··· SUPPLIED RECORDS

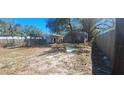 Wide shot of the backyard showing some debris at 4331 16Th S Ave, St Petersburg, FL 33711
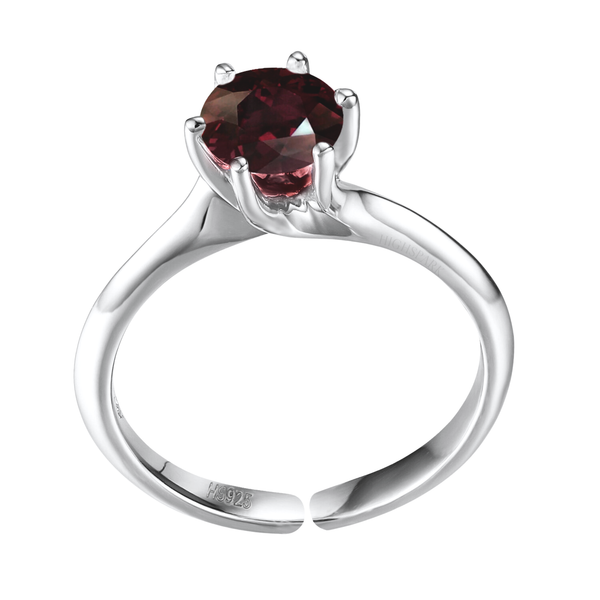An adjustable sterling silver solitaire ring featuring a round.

······
··· SUPPLIED RECORDS

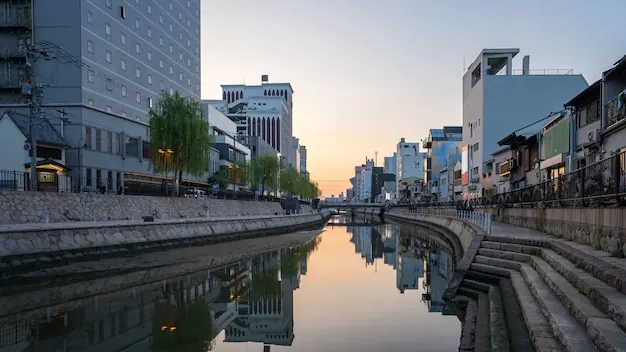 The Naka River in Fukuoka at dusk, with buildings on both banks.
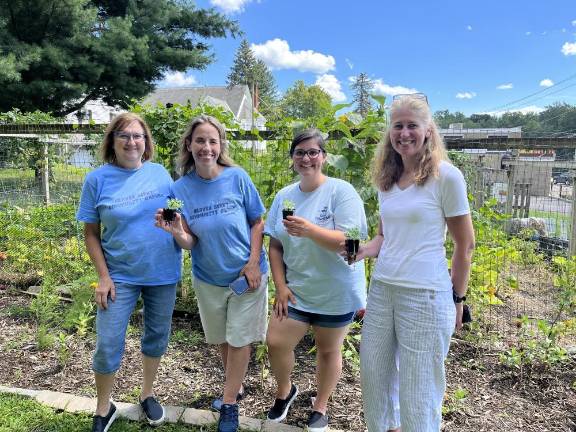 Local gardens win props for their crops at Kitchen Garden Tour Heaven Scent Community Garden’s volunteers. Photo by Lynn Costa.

······

# HOW TO COMPLETE THIS TASK
When copying from the data above, begin at the line containing "Wide shot of" and end at the line containing "An adjustable sterling"; return those lines exactly and leave all pictures behind.

# THE COMPLETED TASK
 Wide shot of the backyard showing some debris at 4331 16Th S Ave, St Petersburg, FL 33711
An adjustable sterling silver solitaire ring featuring a round.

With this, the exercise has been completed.